---- INPUT RECORDS
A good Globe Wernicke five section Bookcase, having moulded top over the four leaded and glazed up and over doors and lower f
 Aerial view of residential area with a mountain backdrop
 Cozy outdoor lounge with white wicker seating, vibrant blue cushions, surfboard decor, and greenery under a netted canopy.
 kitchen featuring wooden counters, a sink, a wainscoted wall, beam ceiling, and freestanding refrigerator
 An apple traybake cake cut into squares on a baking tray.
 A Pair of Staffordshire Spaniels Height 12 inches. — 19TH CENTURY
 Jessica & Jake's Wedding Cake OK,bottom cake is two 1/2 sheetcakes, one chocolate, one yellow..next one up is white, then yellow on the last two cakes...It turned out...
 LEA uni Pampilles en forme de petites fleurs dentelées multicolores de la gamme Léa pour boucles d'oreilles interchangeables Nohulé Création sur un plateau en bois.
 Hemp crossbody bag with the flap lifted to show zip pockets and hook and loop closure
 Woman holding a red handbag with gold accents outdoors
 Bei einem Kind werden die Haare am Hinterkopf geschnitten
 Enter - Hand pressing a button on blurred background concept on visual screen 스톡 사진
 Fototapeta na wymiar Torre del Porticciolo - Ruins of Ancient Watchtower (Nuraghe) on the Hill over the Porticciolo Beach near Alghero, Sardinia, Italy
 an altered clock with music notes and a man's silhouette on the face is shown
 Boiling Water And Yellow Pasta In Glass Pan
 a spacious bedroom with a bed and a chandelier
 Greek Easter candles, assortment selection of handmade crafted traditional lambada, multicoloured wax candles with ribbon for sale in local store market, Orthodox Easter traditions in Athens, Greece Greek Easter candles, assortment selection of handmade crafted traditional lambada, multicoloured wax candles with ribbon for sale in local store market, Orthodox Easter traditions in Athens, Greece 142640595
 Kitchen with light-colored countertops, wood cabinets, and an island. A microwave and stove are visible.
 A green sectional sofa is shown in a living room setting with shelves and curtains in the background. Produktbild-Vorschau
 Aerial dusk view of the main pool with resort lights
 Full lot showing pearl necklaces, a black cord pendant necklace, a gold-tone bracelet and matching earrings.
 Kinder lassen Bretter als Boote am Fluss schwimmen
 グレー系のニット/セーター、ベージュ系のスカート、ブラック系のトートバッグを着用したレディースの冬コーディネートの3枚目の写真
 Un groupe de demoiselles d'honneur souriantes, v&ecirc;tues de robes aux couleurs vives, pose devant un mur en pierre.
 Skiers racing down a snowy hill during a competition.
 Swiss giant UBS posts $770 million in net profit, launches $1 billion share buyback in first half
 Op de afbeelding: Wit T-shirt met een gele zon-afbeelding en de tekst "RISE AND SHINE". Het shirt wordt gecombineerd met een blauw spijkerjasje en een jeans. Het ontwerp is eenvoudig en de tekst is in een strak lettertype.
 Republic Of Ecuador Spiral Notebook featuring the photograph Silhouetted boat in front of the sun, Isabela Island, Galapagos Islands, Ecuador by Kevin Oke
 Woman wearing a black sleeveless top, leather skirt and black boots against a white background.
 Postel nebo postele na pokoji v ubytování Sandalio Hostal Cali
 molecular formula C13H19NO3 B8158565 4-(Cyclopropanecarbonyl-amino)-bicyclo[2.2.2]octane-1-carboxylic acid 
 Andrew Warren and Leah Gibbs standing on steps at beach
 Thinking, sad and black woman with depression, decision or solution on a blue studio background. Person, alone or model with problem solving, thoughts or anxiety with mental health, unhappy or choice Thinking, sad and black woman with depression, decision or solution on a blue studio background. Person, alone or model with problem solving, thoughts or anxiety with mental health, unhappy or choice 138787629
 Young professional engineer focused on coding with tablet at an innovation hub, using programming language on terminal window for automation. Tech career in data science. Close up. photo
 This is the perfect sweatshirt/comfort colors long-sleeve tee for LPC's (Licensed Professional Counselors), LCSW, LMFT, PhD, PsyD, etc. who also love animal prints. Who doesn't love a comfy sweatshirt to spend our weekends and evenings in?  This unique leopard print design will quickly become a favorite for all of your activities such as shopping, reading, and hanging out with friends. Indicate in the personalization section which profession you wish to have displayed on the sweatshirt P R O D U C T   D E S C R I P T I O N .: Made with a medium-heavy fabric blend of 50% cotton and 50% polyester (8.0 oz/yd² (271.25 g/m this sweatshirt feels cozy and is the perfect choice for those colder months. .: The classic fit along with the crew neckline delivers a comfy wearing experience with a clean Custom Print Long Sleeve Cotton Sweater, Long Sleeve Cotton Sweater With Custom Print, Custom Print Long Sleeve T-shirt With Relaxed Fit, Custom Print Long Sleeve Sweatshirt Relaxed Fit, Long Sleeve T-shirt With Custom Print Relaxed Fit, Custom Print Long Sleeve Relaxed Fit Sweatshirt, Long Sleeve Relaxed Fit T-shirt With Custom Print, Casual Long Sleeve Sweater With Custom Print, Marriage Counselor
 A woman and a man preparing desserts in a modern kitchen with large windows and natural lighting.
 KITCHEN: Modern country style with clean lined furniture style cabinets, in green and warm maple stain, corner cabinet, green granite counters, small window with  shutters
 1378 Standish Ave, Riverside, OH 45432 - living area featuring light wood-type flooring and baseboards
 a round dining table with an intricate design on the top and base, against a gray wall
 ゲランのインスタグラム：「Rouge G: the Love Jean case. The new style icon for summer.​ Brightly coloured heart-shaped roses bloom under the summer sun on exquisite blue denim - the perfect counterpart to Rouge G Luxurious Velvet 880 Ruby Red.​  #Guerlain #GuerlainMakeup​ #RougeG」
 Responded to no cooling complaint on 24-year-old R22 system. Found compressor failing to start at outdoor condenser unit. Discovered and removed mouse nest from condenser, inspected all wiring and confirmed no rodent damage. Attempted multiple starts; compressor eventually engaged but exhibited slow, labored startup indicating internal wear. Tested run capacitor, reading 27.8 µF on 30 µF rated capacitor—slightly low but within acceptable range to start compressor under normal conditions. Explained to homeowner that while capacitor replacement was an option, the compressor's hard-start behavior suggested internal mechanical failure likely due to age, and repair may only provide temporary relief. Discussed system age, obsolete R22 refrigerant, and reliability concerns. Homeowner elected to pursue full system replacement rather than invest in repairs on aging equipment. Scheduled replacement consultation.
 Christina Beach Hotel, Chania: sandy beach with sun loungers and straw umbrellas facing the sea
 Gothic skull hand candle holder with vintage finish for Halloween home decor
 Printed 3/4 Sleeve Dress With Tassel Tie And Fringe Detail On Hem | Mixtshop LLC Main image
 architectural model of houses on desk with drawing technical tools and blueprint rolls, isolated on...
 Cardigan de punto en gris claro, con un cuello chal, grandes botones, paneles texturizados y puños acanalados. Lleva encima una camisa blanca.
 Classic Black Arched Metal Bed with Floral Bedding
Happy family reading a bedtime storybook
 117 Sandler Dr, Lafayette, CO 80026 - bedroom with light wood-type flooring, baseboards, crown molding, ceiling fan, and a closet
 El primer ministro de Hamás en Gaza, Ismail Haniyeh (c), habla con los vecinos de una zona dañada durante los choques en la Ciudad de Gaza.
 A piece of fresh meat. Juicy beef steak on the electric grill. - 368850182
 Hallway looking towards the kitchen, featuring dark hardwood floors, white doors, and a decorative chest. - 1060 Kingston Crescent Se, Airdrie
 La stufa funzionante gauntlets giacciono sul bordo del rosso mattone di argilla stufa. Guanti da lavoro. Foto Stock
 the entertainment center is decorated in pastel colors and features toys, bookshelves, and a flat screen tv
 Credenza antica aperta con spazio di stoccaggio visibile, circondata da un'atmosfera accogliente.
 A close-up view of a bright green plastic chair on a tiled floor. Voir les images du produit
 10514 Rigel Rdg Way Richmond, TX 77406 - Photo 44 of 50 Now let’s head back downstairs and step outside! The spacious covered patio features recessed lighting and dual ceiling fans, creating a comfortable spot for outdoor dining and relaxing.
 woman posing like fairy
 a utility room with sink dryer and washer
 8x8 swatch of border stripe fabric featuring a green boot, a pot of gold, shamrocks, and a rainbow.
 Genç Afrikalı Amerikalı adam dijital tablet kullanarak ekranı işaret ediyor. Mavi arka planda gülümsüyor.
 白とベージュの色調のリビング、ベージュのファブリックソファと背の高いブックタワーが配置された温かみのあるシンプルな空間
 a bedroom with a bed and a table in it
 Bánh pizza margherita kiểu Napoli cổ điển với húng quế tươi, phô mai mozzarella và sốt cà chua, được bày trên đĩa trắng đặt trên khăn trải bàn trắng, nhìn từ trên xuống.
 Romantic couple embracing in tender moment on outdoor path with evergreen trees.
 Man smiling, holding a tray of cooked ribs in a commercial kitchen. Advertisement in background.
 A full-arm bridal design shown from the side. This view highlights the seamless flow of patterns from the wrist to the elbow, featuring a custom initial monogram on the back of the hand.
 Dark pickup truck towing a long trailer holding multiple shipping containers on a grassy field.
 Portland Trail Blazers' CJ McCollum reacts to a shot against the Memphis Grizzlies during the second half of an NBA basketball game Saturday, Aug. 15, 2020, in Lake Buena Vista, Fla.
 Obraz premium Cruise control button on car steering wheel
--------
Using the entries shown above, reproduce verbatim the lines from the line bearing "1378 Standish Ave, Riverside, OH" to the line bearing "architectural model of", inclusive.

- FINISHED TASK
 1378 Standish Ave, Riverside, OH 45432 - living area featuring light wood-type flooring and baseboards
 a round dining table with an intricate design on the top and base, against a gray wall
 ゲランのインスタグラム：「Rouge G: the Love Jean case. The new style icon for summer.​ Brightly coloured heart-shaped roses bloom under the summer sun on exquisite blue denim - the perfect counterpart to Rouge G Luxurious Velvet 880 Ruby Red.​  #Guerlain #GuerlainMakeup​ #RougeG」
 Responded to no cooling complaint on 24-year-old R22 system. Found compressor failing to start at outdoor condenser unit. Discovered and removed mouse nest from condenser, inspected all wiring and confirmed no rodent damage. Attempted multiple starts; compressor eventually engaged but exhibited slow, labored startup indicating internal wear. Tested run capacitor, reading 27.8 µF on 30 µF rated capacitor—slightly low but within acceptable range to start compressor under normal conditions. Explained to homeowner that while capacitor replacement was an option, the compressor's hard-start behavior suggested internal mechanical failure likely due to age, and repair may only provide temporary relief. Discussed system age, obsolete R22 refrigerant, and reliability concerns. Homeowner elected to pursue full system replacement rather than invest in repairs on aging equipment. Scheduled replacement consultation.
 Christina Beach Hotel, Chania: sandy beach with sun loungers and straw umbrellas facing the sea
 Gothic skull hand candle holder with vintage finish for Halloween home decor
 Printed 3/4 Sleeve Dress With Tassel Tie And Fringe Detail On Hem | Mixtshop LLC Main image
 architectural model of houses on desk with drawing technical tools and blueprint rolls, isolated on...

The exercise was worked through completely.